Tak akan ada yang menyangka bahwa makam sosok manusia yang melahirkan para bangsawan Sendana itu akan setragis ini. Dibawah sana, anak cucunya bergelimang harta dan mendulang segala bentuk penghormatan dari rakyat jelata, hidup tanpa beban. Mereka seakan lupa pada sosok yang menjadikannya terhormat dimata manusia. Lahul Fatihah.
Di situs Tomesaraung Bulawang ini hanya Pak Bahtiar, Ian, Ifa, Pak Rasyid dan penulis yang sempat melakukan pendokumentasian. Tim lain seperti Pak Dahlan, Pak Asis, Bu Tini memilih pulang lebih dahulu. Setelah proses pendokumentasian selesai, kami langsung turun bukit melintasi kembali hamparan sawah warga menuju jalan tani yang sekaligus menjadi akses pulang.

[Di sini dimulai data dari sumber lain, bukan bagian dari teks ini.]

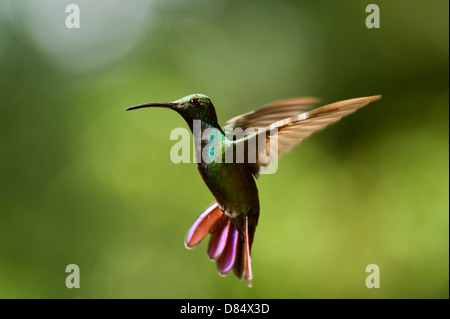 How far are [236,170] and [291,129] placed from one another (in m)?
0.13

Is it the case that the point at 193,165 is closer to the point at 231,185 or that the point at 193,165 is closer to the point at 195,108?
the point at 231,185

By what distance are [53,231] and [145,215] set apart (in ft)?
2.22

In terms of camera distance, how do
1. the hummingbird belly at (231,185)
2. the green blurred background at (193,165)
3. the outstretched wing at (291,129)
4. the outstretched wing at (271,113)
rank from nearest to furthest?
the outstretched wing at (291,129)
the hummingbird belly at (231,185)
the outstretched wing at (271,113)
the green blurred background at (193,165)

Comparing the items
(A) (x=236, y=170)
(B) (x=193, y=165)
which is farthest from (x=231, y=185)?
(B) (x=193, y=165)

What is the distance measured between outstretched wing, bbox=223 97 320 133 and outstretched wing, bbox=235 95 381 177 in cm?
16

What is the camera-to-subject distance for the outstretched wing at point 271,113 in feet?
3.24

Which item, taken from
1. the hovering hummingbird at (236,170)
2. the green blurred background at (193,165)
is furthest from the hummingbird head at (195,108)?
the green blurred background at (193,165)

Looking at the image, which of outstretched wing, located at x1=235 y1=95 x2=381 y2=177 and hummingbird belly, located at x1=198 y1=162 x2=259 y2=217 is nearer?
outstretched wing, located at x1=235 y1=95 x2=381 y2=177

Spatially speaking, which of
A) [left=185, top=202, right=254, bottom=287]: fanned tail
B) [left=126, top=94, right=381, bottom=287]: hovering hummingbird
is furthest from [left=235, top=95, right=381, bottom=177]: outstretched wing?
[left=185, top=202, right=254, bottom=287]: fanned tail

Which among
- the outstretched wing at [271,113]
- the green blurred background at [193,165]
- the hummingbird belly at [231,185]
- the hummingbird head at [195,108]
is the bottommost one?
the hummingbird belly at [231,185]

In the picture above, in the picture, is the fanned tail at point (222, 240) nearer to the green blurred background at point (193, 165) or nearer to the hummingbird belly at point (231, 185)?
the hummingbird belly at point (231, 185)

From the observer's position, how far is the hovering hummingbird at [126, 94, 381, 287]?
61cm

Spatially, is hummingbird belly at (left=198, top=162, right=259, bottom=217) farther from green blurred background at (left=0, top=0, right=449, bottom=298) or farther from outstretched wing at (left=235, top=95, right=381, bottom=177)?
green blurred background at (left=0, top=0, right=449, bottom=298)

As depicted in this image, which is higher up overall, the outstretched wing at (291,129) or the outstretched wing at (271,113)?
the outstretched wing at (271,113) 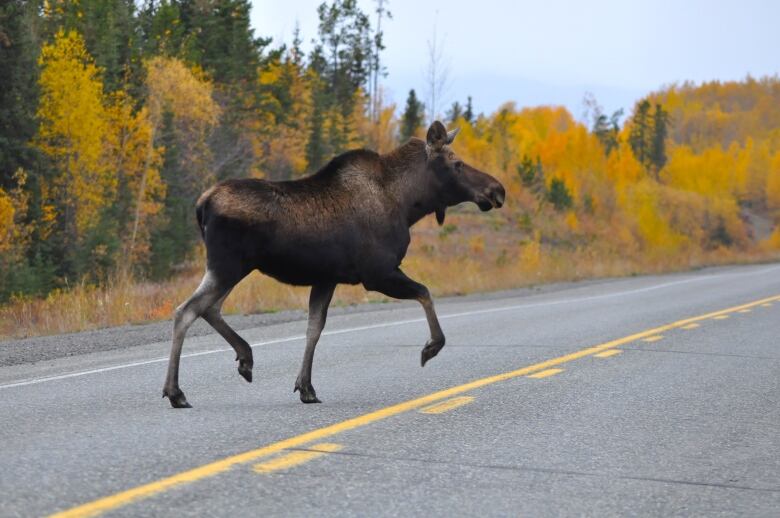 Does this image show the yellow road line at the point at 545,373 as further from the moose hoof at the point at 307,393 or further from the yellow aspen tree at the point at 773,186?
the yellow aspen tree at the point at 773,186

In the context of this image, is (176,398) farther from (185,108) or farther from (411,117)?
(411,117)

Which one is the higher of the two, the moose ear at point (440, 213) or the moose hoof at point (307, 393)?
the moose ear at point (440, 213)

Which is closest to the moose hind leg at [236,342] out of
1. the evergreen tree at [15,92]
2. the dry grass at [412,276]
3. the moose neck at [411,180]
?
the moose neck at [411,180]

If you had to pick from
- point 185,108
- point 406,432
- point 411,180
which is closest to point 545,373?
point 411,180

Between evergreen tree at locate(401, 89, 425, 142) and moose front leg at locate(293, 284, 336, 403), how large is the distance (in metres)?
65.6

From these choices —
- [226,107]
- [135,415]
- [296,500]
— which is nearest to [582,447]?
[296,500]

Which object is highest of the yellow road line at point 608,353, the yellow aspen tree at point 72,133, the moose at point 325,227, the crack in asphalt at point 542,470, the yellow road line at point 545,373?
the yellow aspen tree at point 72,133

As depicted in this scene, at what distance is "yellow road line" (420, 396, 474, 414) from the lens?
22.5 ft

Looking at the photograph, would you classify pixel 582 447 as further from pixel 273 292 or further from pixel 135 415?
pixel 273 292

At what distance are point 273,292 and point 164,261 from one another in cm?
2504

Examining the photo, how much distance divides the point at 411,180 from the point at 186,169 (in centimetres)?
3996

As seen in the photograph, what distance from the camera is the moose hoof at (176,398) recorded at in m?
6.74

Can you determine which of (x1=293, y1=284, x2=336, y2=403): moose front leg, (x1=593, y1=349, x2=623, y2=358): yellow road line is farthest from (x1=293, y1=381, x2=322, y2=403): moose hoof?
(x1=593, y1=349, x2=623, y2=358): yellow road line

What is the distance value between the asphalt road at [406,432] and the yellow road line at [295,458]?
0.01 meters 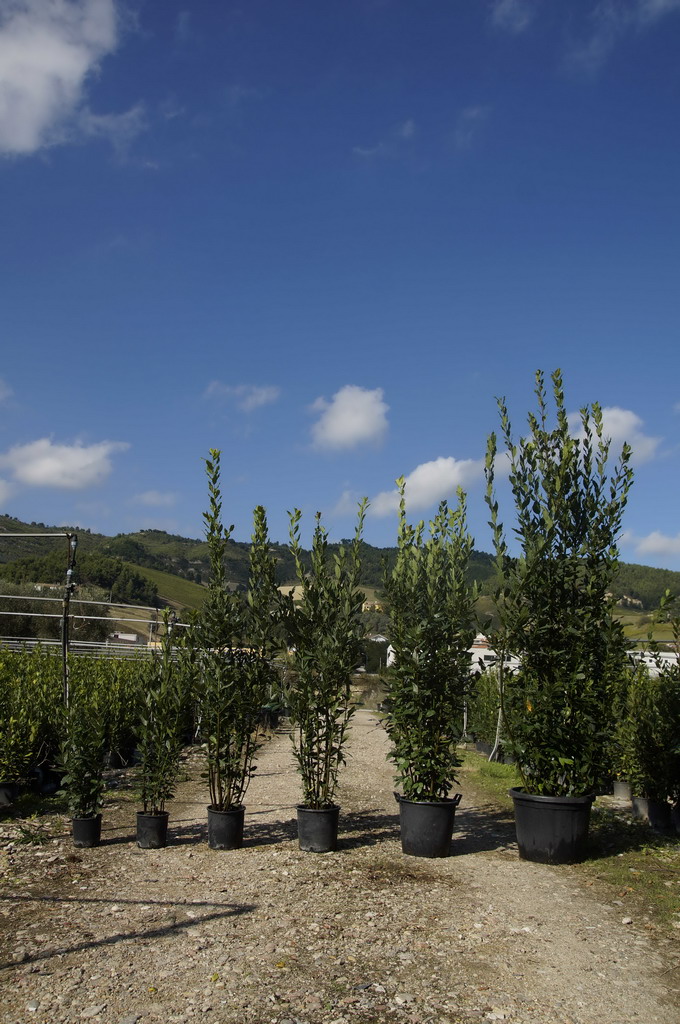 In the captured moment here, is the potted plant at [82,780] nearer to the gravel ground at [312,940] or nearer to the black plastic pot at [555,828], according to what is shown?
the gravel ground at [312,940]

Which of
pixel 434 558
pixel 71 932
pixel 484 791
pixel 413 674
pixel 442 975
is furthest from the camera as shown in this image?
pixel 484 791

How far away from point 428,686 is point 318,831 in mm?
1580

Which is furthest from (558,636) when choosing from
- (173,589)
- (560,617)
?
(173,589)

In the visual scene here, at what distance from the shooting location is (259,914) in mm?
4789

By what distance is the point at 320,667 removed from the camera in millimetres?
6734

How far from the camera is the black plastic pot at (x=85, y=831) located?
648 cm

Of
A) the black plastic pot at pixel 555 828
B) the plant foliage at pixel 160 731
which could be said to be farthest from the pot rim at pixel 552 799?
the plant foliage at pixel 160 731

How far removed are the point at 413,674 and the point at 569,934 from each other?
2.52 meters

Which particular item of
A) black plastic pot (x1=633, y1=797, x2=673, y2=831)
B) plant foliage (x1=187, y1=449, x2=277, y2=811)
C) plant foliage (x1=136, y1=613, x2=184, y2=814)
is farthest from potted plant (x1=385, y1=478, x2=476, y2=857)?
black plastic pot (x1=633, y1=797, x2=673, y2=831)

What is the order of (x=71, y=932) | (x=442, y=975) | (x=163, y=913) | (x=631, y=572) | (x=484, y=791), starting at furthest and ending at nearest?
(x=631, y=572), (x=484, y=791), (x=163, y=913), (x=71, y=932), (x=442, y=975)

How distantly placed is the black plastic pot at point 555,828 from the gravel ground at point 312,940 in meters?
0.14

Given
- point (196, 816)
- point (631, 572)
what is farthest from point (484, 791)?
point (631, 572)

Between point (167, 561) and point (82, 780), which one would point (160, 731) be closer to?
point (82, 780)

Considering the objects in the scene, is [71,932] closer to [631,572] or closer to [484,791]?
[484,791] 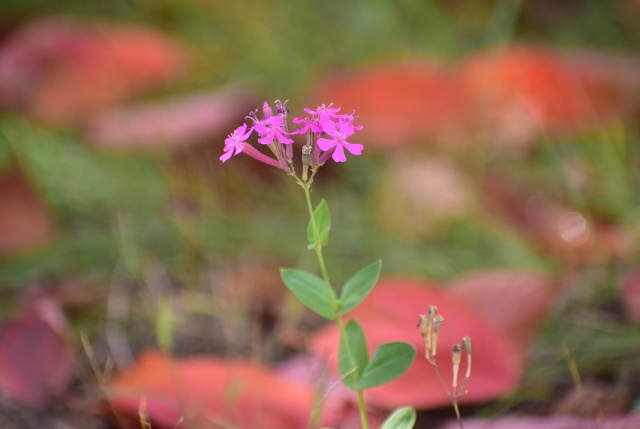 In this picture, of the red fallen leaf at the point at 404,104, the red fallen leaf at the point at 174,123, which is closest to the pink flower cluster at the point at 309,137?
the red fallen leaf at the point at 174,123

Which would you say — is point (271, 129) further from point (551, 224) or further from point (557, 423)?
point (551, 224)

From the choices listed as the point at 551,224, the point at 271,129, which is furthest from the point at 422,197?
the point at 271,129

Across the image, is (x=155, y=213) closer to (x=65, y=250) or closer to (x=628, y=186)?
(x=65, y=250)

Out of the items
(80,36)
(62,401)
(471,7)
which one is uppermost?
(471,7)

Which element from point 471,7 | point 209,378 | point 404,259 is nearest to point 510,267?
point 404,259

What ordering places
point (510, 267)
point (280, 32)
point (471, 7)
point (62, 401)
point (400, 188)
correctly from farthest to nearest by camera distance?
point (471, 7), point (280, 32), point (400, 188), point (510, 267), point (62, 401)

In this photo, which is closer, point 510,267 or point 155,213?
point 510,267

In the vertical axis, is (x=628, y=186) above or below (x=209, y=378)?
above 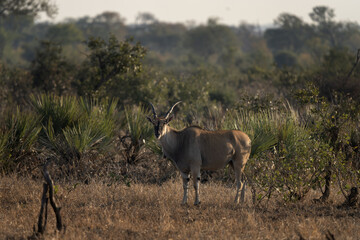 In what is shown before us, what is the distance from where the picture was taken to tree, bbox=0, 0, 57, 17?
38594mm

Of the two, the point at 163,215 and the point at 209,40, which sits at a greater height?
the point at 209,40

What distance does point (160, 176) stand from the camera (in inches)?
478

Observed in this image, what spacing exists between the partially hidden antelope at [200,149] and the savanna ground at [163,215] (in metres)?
0.65

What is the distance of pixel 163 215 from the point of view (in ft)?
27.3

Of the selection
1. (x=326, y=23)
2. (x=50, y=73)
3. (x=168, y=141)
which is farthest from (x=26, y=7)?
(x=326, y=23)

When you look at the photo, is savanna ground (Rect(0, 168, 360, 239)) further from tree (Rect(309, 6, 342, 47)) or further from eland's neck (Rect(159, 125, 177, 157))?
tree (Rect(309, 6, 342, 47))

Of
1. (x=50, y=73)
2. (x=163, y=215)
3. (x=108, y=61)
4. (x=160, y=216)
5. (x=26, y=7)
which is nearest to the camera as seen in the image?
(x=160, y=216)

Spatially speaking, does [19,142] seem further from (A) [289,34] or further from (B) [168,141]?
(A) [289,34]

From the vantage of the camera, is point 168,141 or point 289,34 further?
point 289,34

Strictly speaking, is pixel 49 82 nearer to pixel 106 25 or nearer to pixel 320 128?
pixel 320 128

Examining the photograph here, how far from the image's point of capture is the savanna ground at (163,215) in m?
7.50

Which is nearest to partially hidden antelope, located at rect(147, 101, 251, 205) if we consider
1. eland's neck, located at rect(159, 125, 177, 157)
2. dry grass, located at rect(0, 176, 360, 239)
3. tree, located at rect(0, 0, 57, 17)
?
eland's neck, located at rect(159, 125, 177, 157)

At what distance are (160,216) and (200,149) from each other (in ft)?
5.22

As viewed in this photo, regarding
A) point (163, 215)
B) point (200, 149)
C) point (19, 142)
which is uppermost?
point (200, 149) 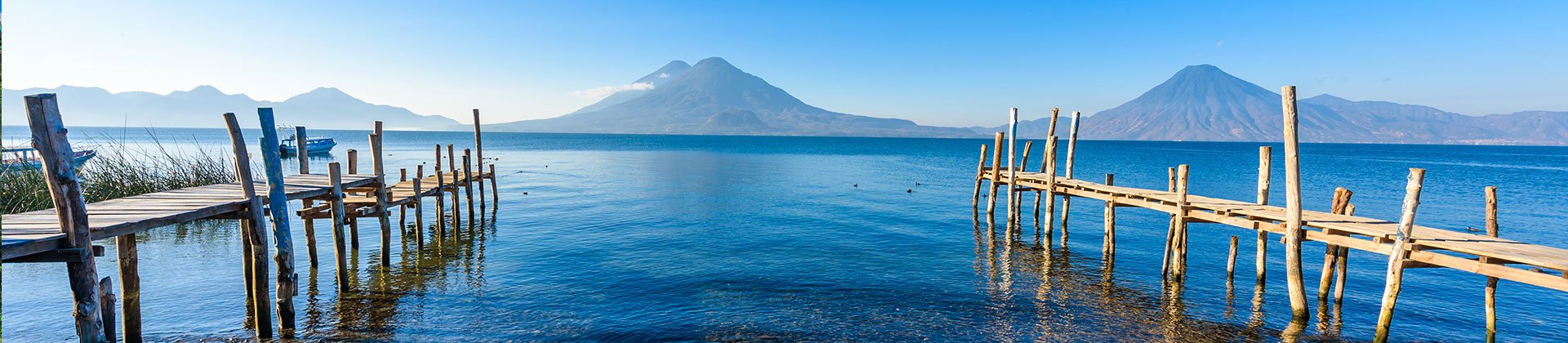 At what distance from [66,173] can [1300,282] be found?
734 inches

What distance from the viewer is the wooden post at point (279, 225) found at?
1142cm

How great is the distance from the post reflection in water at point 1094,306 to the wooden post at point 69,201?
41.2ft

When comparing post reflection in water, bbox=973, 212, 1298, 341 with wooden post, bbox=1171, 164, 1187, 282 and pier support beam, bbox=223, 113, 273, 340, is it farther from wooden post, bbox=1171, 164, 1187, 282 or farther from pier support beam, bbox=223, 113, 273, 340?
pier support beam, bbox=223, 113, 273, 340

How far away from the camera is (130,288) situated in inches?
405

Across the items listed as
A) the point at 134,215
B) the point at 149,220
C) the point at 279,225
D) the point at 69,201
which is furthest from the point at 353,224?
the point at 69,201

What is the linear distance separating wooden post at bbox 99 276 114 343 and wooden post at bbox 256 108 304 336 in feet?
7.18

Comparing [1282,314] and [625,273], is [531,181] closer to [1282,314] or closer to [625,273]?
[625,273]

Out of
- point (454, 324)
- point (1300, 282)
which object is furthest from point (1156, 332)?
point (454, 324)

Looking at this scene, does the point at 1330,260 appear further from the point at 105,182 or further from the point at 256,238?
the point at 105,182

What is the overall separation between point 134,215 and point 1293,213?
18.6m

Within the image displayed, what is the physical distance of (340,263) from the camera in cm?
1414

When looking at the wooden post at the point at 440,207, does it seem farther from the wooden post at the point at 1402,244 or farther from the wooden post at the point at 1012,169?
the wooden post at the point at 1402,244

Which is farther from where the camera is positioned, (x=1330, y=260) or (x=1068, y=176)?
(x=1068, y=176)

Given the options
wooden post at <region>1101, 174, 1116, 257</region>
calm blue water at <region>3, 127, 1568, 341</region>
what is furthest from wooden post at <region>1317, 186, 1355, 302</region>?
wooden post at <region>1101, 174, 1116, 257</region> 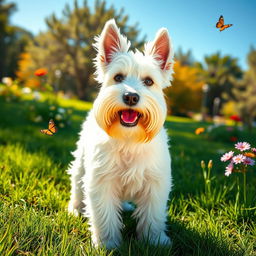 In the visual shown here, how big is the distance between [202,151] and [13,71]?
4628 cm

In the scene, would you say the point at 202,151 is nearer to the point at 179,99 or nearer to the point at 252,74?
the point at 179,99

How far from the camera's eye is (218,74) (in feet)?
184

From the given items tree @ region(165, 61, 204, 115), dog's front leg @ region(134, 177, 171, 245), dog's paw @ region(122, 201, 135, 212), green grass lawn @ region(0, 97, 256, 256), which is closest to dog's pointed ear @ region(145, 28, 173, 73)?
dog's front leg @ region(134, 177, 171, 245)

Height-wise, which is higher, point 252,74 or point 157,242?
point 252,74

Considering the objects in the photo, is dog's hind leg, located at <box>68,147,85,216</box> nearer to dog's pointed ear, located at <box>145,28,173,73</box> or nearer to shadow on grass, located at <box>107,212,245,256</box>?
shadow on grass, located at <box>107,212,245,256</box>

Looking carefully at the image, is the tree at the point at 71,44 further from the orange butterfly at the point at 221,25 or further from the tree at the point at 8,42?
the orange butterfly at the point at 221,25

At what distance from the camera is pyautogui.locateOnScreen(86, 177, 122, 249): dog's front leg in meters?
2.85

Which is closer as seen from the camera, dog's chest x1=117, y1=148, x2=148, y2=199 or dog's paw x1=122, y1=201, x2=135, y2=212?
dog's chest x1=117, y1=148, x2=148, y2=199

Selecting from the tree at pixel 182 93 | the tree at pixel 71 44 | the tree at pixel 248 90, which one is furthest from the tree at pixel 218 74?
the tree at pixel 71 44

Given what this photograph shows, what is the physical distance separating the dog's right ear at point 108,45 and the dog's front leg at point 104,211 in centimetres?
108

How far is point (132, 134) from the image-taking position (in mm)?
2676

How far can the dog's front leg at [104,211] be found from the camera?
112 inches

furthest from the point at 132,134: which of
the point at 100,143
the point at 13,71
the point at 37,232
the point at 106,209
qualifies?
the point at 13,71

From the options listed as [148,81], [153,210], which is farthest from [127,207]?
[148,81] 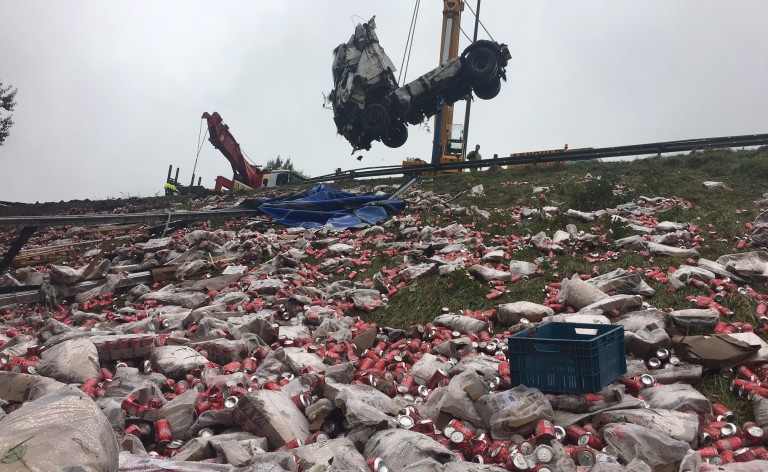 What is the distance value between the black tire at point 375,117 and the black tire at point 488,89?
10.4ft

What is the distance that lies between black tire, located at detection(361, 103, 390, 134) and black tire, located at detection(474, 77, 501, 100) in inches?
124

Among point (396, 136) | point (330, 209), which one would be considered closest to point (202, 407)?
point (330, 209)

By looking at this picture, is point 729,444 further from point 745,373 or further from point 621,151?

Pak Rasyid memilih rute lain, bukan rute pada saat kami mendaki siang tadi. Menurut Pak Rasyid, jalan ini lebih landai tapi ujung jalan ini agak jauh dari pusat perkampungan Putta’da. Ketika kami berjalan beberapa menit, Pak Rasyid memilih jalan pintas untuk langsung turun ke pusat perkampungan.
Kami hanya ikut saja sebab di fikiran kami, mungkin tak seekstrim rute awal. Tapi subhanallah, jalan pintas ini membuat kami payah. lelah dan letih tingkat akut, Kami bahkan terasa sedang turun tebing. Tapi tak ada pilihan lain lagi selain mengumpulkan sisa tenaga kami untuk bisa tiba di Putta’da.
Setelah 1 jam lebih kami berjalan, merangkak dan melompat diantara pohon-pohon yang jadi pegangan, kami akhirnya tiba. Menit-menit terakhir tiba di pinggiran kampung, penulis harus menggunakan tongkat kayu untuk menopang tubuh saat berjalan menuju ke rumah Pak Rasyid. Dari jarak 50an meter, A’ba Lele, Pak Budi, Pak Amir dan Bu Hapni serta yang lain menyambut dengan tawa melihat penulis dan yang lainnya kepayahan.
Hanya untaian rasa syukur yang terus kulangitkan atas semua limpahan rahmat-Nya sehingga kami bisa sampai dengan energy paling terakhir. Terima kasih Ya Allah.
Suguhan manyang mammis (tuak manis) dari warga membuat penulis terasa segar. Tegukan pertama terasa sangat nikmat, segar dan mengembalikan energy yang sempat terkuras. Sungguh, nikmat yang mana lagi yang kau dustakan?. Inilah sisi lain dari potret kehidupan warga yang mengedepankan nurani dan kemanusiaan.
Semua terasa segar kembali setelah melihat anak-anak juga mulai berkumpul sembari menikmati makanan yang ada. Kepada mereka kami berikan uang jajan sebagai ucapan terima kasih atas segala bantuannya selama perjalanan mendaki sampai kembali turun dari Sa’adawang. Kalian adalah generasi yang dahsyat I
Mengurai Benang Kusut Sejarah Awal Kerajaan Sendana
Sampai saat ini, sejarah awal Kerajaan Sendana sampai saat ini masih menyisakan sebentuk perbedaan yang terus melahirkan perdebatan. Penulis hari ini tentu tak bisa menyalahkan sebab 1 obyek yang sama jika diinterpretasi oleh orang yang berbeda pasti akan melahirkan ragam pendapat, Ini tentu manusiawi.